This is an exploration question, meaning I'm not completely sure what this question is about, but I think it's about the biggest integer in Bash. Anyhow, I'll define it ostensively.

$ echo $((1<<8))
256

I'm producing an integer by shifting a bit. How far can I go?

$ echo $((1<<80000))
1

Not this far, apparently. (1 is unexpected, and I'll return to it.) But,

$ echo $((1<<1022))
4611686018427387904

is still positive. Not this, however:

$ echo $((1<<1023))
-9223372036854775808

And one step further afield,

$ echo $((1<<1024))
1

Why 1? And why the following?

$ echo $((1<<1025))
2
$ echo $((1<<1026))
4

Would someone like to analyse this series?

UPDATE

My machine:

$ uname -a
Linux tomas-Latitude-E4200 4.4.0-47-generic #68-Ubuntu SMP Wed Oct 26 19:39:52 UTC 2016 x86_64 x86_64 x86_64 GNU/Linux
share|improve this question
    
-9223372036854775808 = 0xF333333333333334. That's a funny-looking edge case. Of course, 4611686018427387904 = 0x4000000000000000. I suspect you are hitting some kind of wraparound on the number of bits to shift by. Why are you doing this, anyway? – Michael Kjörling 3 hours ago
2  
@MichaelKjörling For amusement ;-p – tomas 3 hours ago
up vote 10 down vote accepted

Bash uses intmax_t variables for arithmetic. On your system these are 64 bits in length, so:

$ echo $((1<<62))
4611686018427387904

which is

100000000000000000000000000000000000000000000000000000000000000

in binary (1 followed by 62 0s). Shift that again:

$ echo $((1<<63))
-9223372036854775808

which is

1000000000000000000000000000000000000000000000000000000000000000

in binary (63 0s), in two's complement arithmetic.

To get the biggest representable integer, you need to subtract 1:

$ echo $(((1<<63)-1))
9223372036854775807

which is

111111111111111111111111111111111111111111111111111111111111111

in binary.

If you shift again from -9223372036854775808, the shift wraps around: the left-most digit (1) "falls off" the end and is put back in from the right:

$ echo $((1<<64))
1

This repeats every 64 shifts:

$ echo $((1<<128))
1
$ echo $((1<<192))
1

etc.

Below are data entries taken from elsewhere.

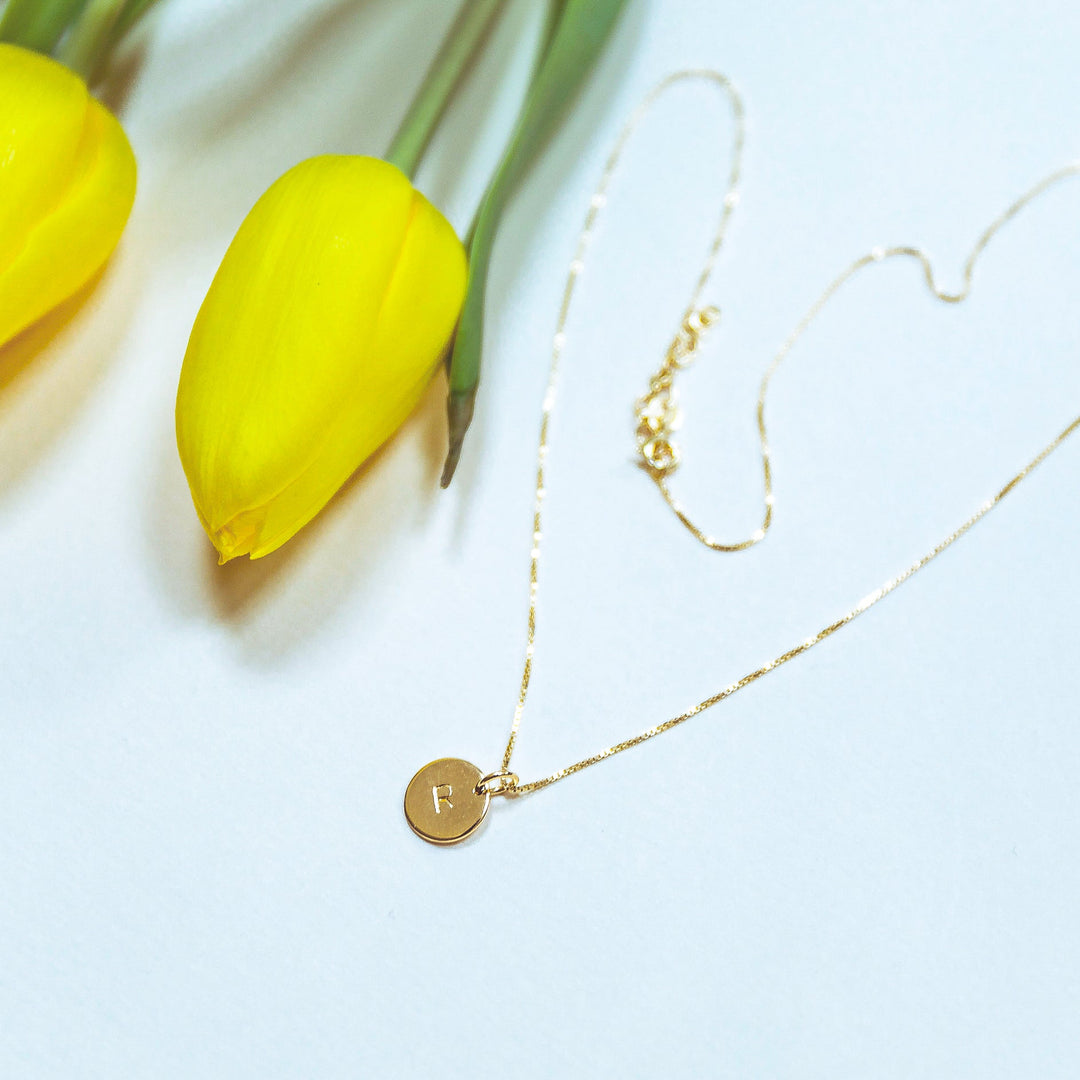 A delicate Personalised Small Disc Charm in Gold by Personalised Charms with a round pendant hand stamped with the letter "R" is laid on a white surface. Next to the necklace, there are two vibrant yellow tulips, accentuating the elegance of the scene.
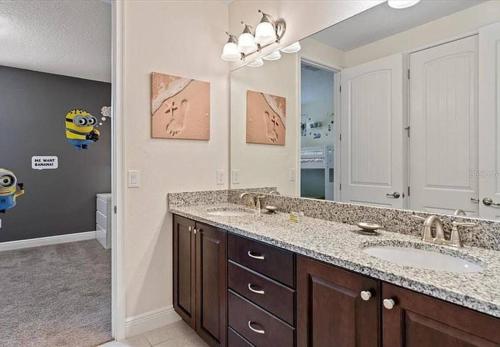 a bathroom with two sinks and a large mirror at 371 P Luxury Villa- New Listing in Orlando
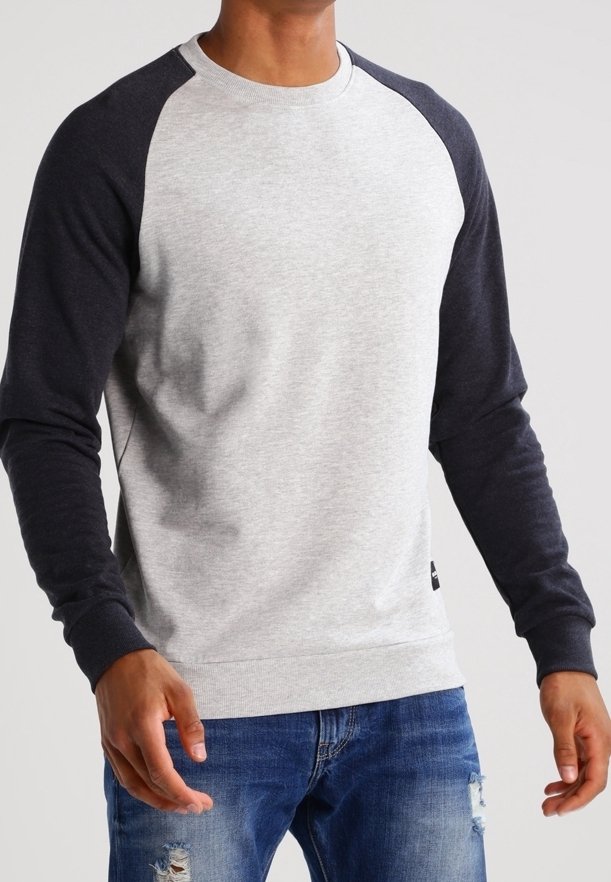 Homme portant un sweat-shirt gris clair avec des manches gris foncé et un jean bleu déchiré, debout devant un fond uni.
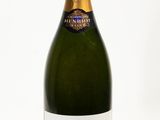 a close up of a bottle of champagne on a white background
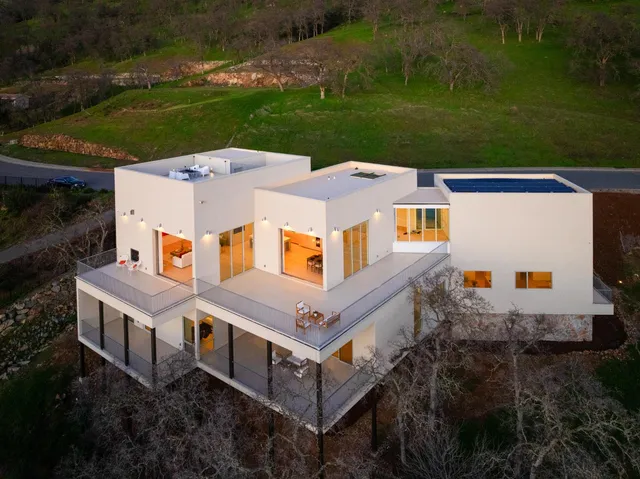 an aerial view of a house with a yard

You can think of shift arithmetic as modulo 64, which explains the results you're seeing: $((1<<1025)) is $((1<<1)), $((1<<1026)) is $((1<<2))...

You'll find the type definitions and maximum values in stdint.h; on your system:

/* Largest integral types.  */
#if __WORDSIZE == 64
typedef long int                intmax_t;
typedef unsigned long int       uintmax_t;
#else
__extension__
typedef long long int           intmax_t;
__extension__
typedef unsigned long long int  uintmax_t;
#endif

/* Minimum for largest signed integral type.  */
# define INTMAX_MIN             (-__INT64_C(9223372036854775807)-1)
/* Maximum for largest signed integral type.  */
# define INTMAX_MAX             (__INT64_C(9223372036854775807))
share|improve this answer
1  
No, you need them, Binary - has higher precedence than <<. – cuonglm 3 hours ago
1  
@cuonglm huh, serves me right for testing on zsh... Thanks again! – Stephen Kitt 3 hours ago
    
@cuonglm and Stephen. Well, that's a good edit. echo $((1<<63-1)) gives me 4611686018427387904. – tomas 3 hours ago
    
@tomas yup, bash uses C operator precedence, zsh has its own by default where $((1<<63-1)) equals $(((1<<63)-1)). – Stephen Kitt 3 hours ago
    
This is good to know, a good question and a very thourough answer, thanks to you both Stephen Kitt and tomas. – Valentin B. 3 hours ago
up vote 3 down vote

From the CHANGES file for bash 2.05b:

j. The shell now performs arithmetic in the largest integer size the machine supports (intmax_t), instead of long.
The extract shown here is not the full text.